We can probably try plotting it both ways and see what it looks like. I think for web interfaces, though, we might actually want something tidy and compact that can sit with other kinds of data on a web page. So: imagine bringing up a list of files that reference Miss James, together with some detailed information (in text) about the named entities who are represented in our visualization. It might make sense for this to share space with a window holding, on-click, a view of passages showing points of co-reference. Just some thoughts for designing a web interface around this!

— Reply to this email directly or view it on GitHub https://github.com/ebeshero/mitford/issues/8#issuecomment-149035969.

ezimmer commented 8 years ago

@ebeshero Thank you--please don't spend too much time on that right now, though! It sounds like you have a ton to do, and there's more than enough for me to work on in other areas.

On Sun, Oct 18, 2015 at 2:15 PM, Elisa Beshero-Bondar < notifications@github.com> wrote:

@ezimmer https://github.com/ezimmer Let me take a look at the permissions... or just move this into a conference-prep directory that we share. It's kind of hard for me to find it in my own queries directory because there's so much in it.

— Reply to this email directly or view it on GitHub https://github.com/ebeshero/mitford/issues/8#issuecomment-149036215.

ebeshero commented 8 years ago

@ezimmer I've created a new directory called "AnnotationToolQs" and I've made you the "group" that accesses it so we can both use it.

Here's a view of the output from eXist: http://dxcvm05.psc.edu:8080/exist/rest/db/output/tester.html

Just an HTML chart for the moment, and just the Persons output.

ebeshero commented 8 years ago

@ezimmer It's funny how I only see your long posts AFTER the short ones! (lol). I'll quote inline here:

"I also like the idea of the visual annotation appearing alongside text(s)--it sounds like that form of web rendering could be used with a list of texts, alongside an individual text, or both. (Does that fit with what you were thinking?)"

YES!! :+1: That's the idea. :-)

Such an approach also chimes with the idea of "visual annotation": a form of graphic output that appears alongside texts or key items, and that provides immediate commentary re: recurring elements of contexts in which said key items are found.

Basically, the format you're describing sounds like a super-compact graphic rendering of archival insight, and I think that's what we're going for! (I also heard some terrific thoughts this weekend about evidence "hiding in plain view" that seem useful for our presentation.)

Perhaps it's best if I focus right now on the paper itself, based on these ideas, the visualization model you're outlining, and the larger contexts we'd discussed. (I'm doing it in "detailed outline" form first--we can all then work from that basis!)
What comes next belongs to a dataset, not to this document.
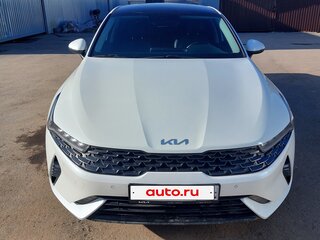 2021 Kia K5 III, белый, 3300000 рублей, вид 1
If that sounds good, I'll forge ahead in that area.

**Yes--that's a great plan! I'll concentrate on generating some visuals! And I can do the general intro to Mitford, and handle some of the details on how we're producing our graphs, though you and I can probably talk about that together (and we'll want to prepare for that together when we're all in Lyon).

Very excited about this!"

**me too! :-)

ezimmer commented 8 years ago

Thanks, @ebeshero ! persName seems the most salient category, so it's a great one to start with, too.